• DATASET
++++++++++++++++++++

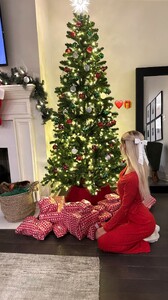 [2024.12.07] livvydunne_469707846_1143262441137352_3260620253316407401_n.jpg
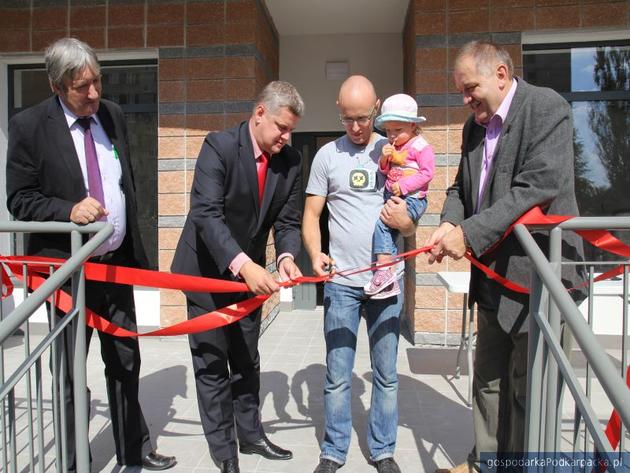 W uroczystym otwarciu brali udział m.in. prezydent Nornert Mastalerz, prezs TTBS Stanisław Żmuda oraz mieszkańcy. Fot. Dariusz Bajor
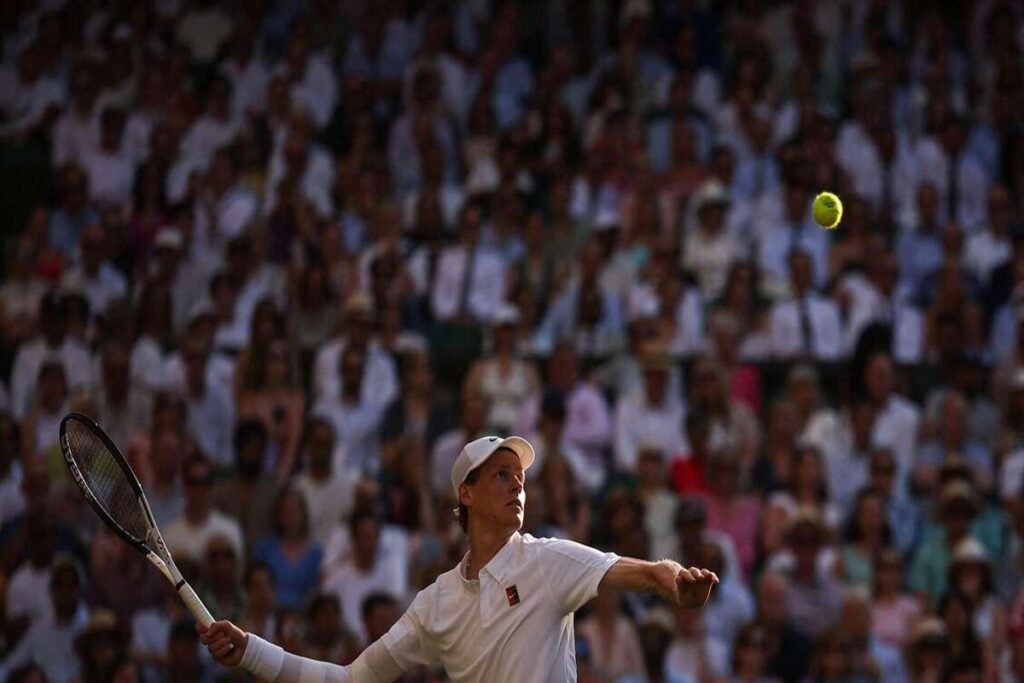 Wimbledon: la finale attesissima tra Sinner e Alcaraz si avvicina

++++++++++++++++++++

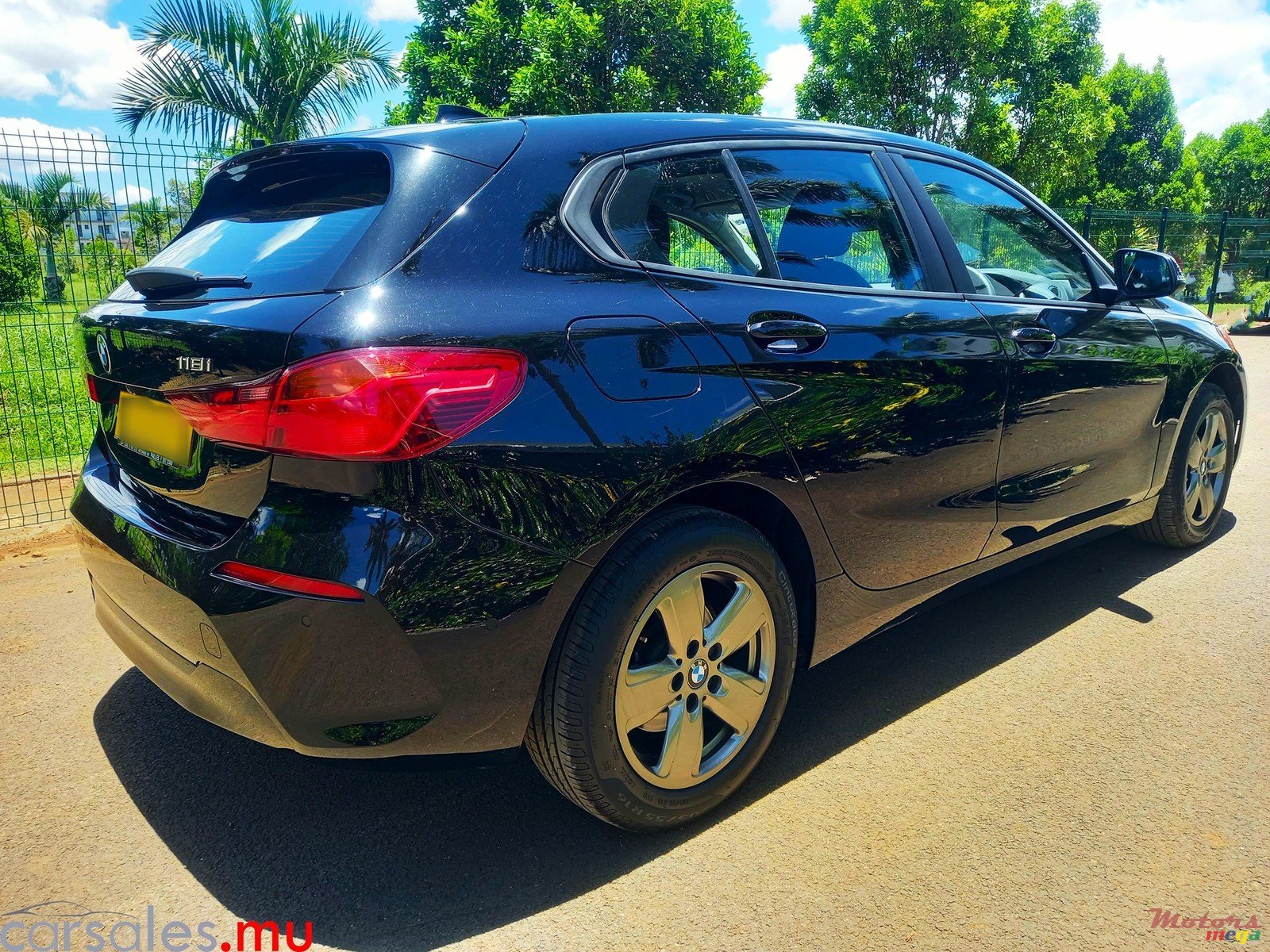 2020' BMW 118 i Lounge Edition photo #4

++++++++++++++++++++

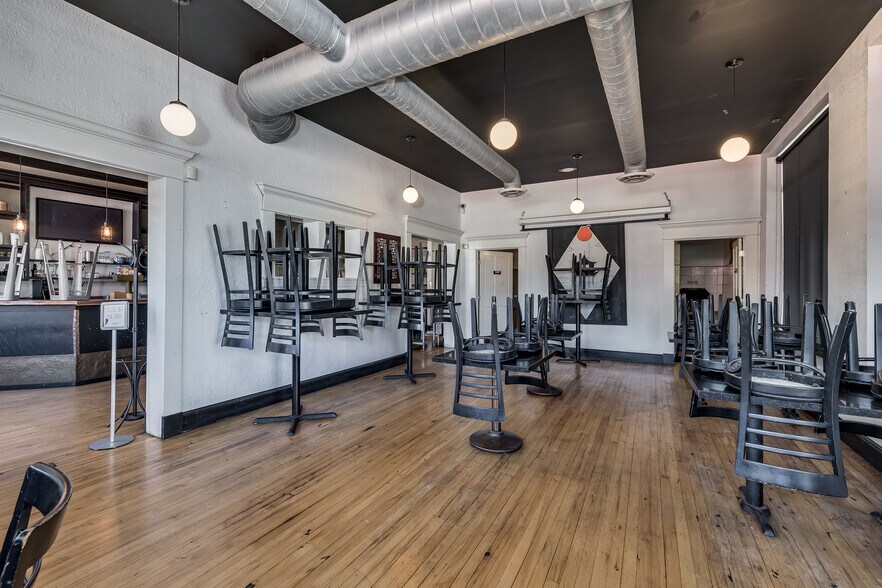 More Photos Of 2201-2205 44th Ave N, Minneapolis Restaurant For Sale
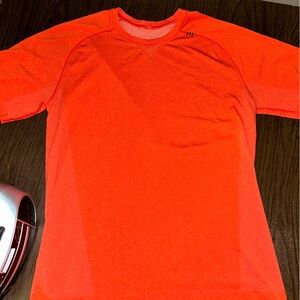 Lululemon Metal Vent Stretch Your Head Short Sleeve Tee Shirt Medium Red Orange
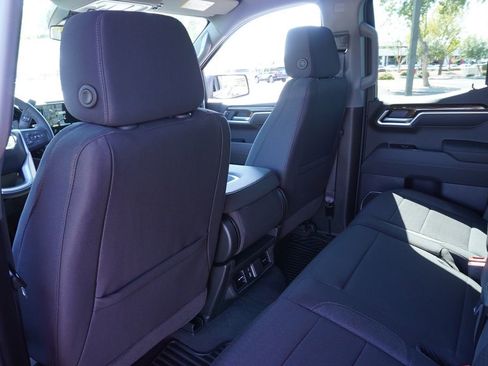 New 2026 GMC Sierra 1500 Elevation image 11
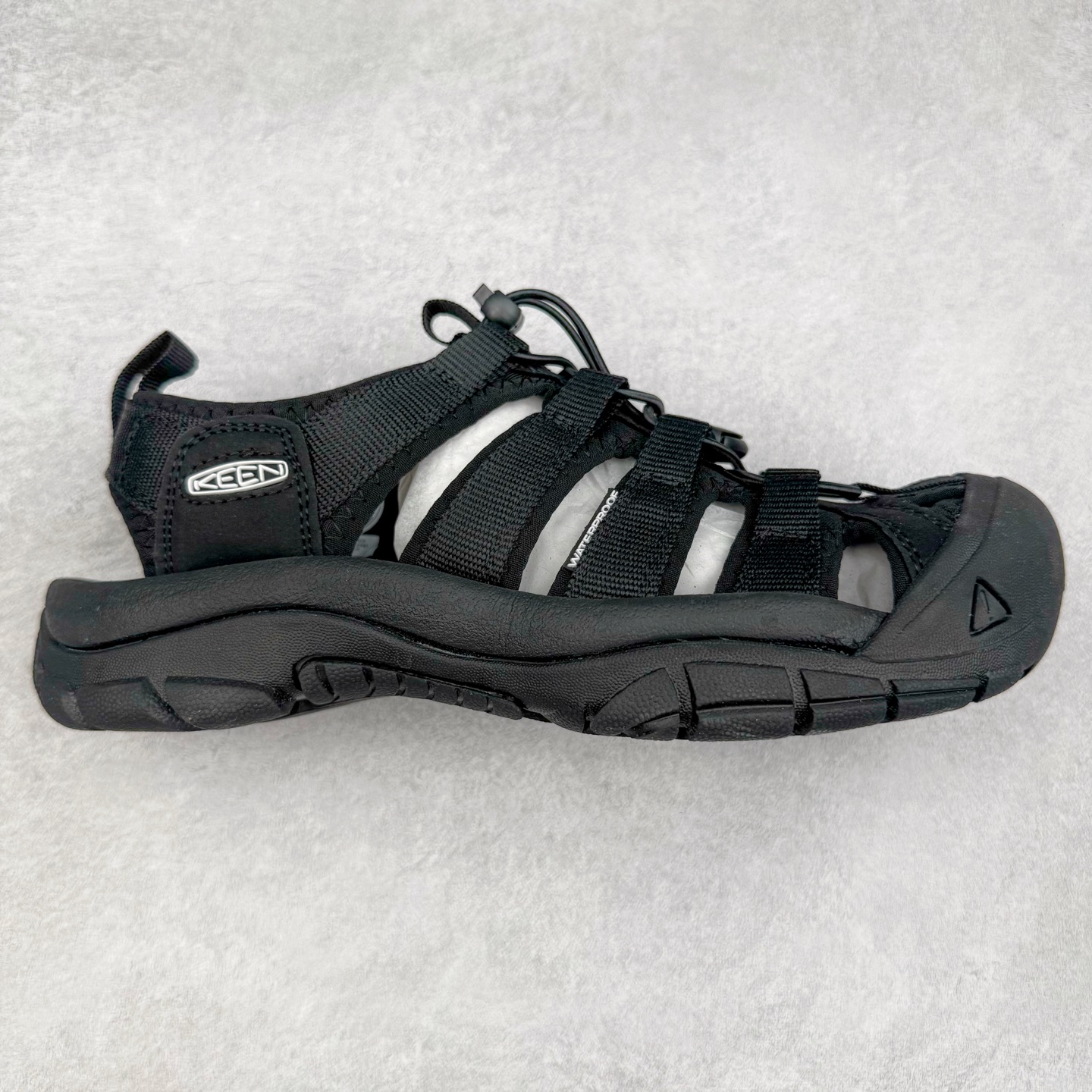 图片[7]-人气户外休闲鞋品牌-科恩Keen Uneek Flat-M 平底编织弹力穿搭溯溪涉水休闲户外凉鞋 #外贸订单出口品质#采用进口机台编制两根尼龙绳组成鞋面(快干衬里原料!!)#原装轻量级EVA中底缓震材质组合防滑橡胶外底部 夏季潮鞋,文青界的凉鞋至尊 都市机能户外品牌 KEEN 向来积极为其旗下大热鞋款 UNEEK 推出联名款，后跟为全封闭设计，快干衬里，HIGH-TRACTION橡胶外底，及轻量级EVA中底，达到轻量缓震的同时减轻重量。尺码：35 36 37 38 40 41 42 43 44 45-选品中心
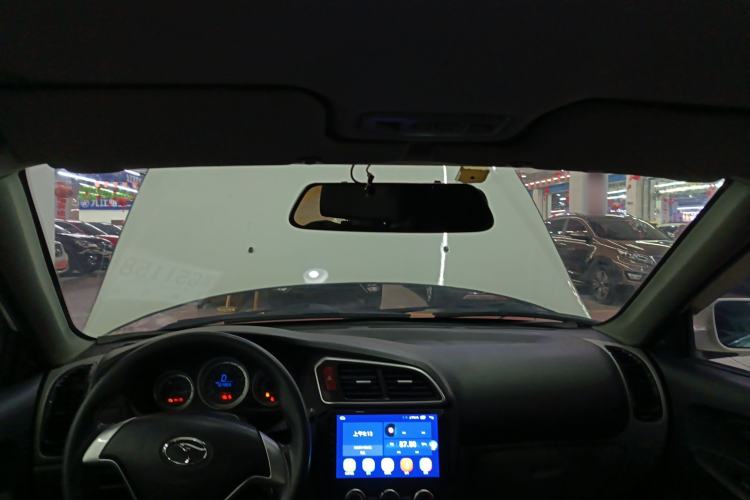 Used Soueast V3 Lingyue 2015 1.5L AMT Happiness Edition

++++++++++++++++++++

• WHAT THE TASK REQUIRES
Set down, exactly as written above, each line from the one with "New 2026 GMC Sierra 1500 Elevation image 11" through the one with "Used Soueast V3", and skip the pictures.

• ANSWER BOX
 New 2026 GMC Sierra 1500 Elevation image 11
 图片[7]-人气户外休闲鞋品牌-科恩Keen Uneek Flat-M 平底编织弹力穿搭溯溪涉水休闲户外凉鞋 #外贸订单出口品质#采用进口机台编制两根尼龙绳组成鞋面(快干衬里原料!!)#原装轻量级EVA中底缓震材质组合防滑橡胶外底部 夏季潮鞋,文青界的凉鞋至尊 都市机能户外品牌 KEEN 向来积极为其旗下大热鞋款 UNEEK 推出联名款，后跟为全封闭设计，快干衬里，HIGH-TRACTION橡胶外底，及轻量级EVA中底，达到轻量缓震的同时减轻重量。尺码：35 36 37 38 40 41 42 43 44 45-选品中心
 Used Soueast V3 Lingyue 2015 1.5L AMT Happiness Edition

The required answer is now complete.